Comment by lauritz
2 days ago
It should be noted that this may not stand on appeal. The full decision is not yet available. All we know is from the press statement.
For example, the court ruled that the plaintiff is entitled to these damages without even hearing them personally on what kind of injury they sustained. This is an interesting direction, and we will see how it is argued in the decision itself. I would assume this could be something that Meta challenges on appeal.
Another way to go would be to argue that this lawsuit involves unresolved questions of EU law that need to be addressed by the ECJ.

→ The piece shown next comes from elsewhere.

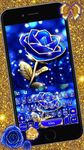 Nouveau thème de clavier Gold Blue Rose Crystal capture d'écran apk 4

In either case, this verdict will create some legal uncertainty in the short term, and I assume many people will sue---but we shall see what happens on appeal and perhaps at the ECJ, which will perhaps be a couple of years out.
What I don't understand is the responsibility of Facebook vs the operator of the website where the tracking takes place. I thought that under GDPR it was the responsibility of the website to get consent from users before passing on data to ad networks.

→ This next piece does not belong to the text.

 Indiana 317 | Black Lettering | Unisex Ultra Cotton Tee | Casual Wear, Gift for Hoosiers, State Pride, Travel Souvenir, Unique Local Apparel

Both are liable. From TFA:
"The court’s decision exposes all websites and apps using tracking technology to significant lawsuits, experts said."
Only if the ruling holds up on appeal. What I'm wondering is whether it will hold up.

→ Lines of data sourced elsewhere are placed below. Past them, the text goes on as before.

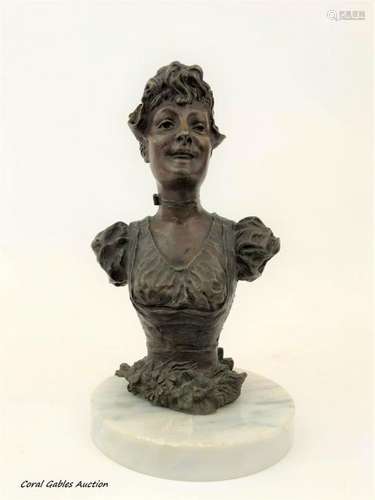 Antique bronze bust with marble base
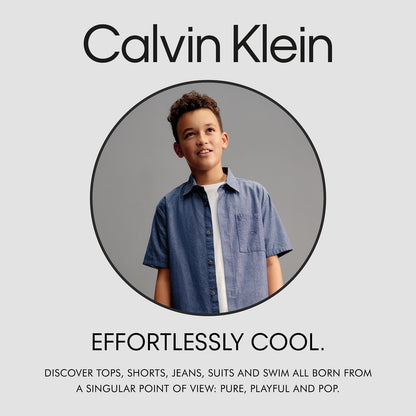Calvin Klein Boys' Long Sleeve Crew Neck T-Shirt, Soft, Comfortable, Relaxed Fit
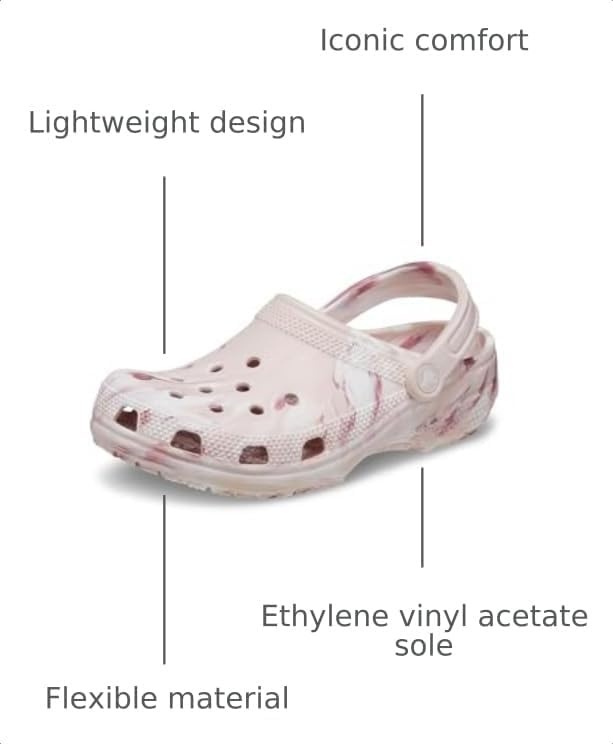 image:imageCrocs Unisex Adult Classic Marbled Tiedye Clogs Casual ShoesPink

What do you mean by website as a "place"? I'm not so sure the GDPR mentions tracking. Here's what the court said was relevant:
"Meta, Betreiberin der sozialen Netzwerke Instagram und Facebook, hat Business Tools entwickelt, die von zahlreichen Betreibern auf ihren Webseiten und Apps eingebunden werden und die Daten der Nutzer von Instagram und Facebook an Meta senden. Jeder Nutzer ist für Meta zu jeder Zeit individuell erkennbar, sobald er sich auf den Dritt-Webseiten bewegt oder eine App benutzt hat, auch wenn er sich nicht über den Account von Instagram und Facebook angemeldet hat. Die Daten sendet Meta Ireland ausnahmslos weltweit in Drittstaaten, insbesondere in die USA. Dort wertet sie die Daten in für den Nutzer unbekanntem Maß aus."
I mean that under GDPR, website owners as data controllers must get user consent before embedding third party tracking technologies on their websites to pass on data to Facebook.
It doesn't matter whether GDPR mentions any specific word. What matters is what the technologies referred to by the word "tracking" actually do. And what they do clearly requires consent under GDPR.
The paragraph you posted implies (but does not explicitly state) that Facebook's ability to identify individual users would still be noncompliant even if the website has received consent from the user to embed Facebook's technology. Or does the court blame the website's noncompliance on Facebook?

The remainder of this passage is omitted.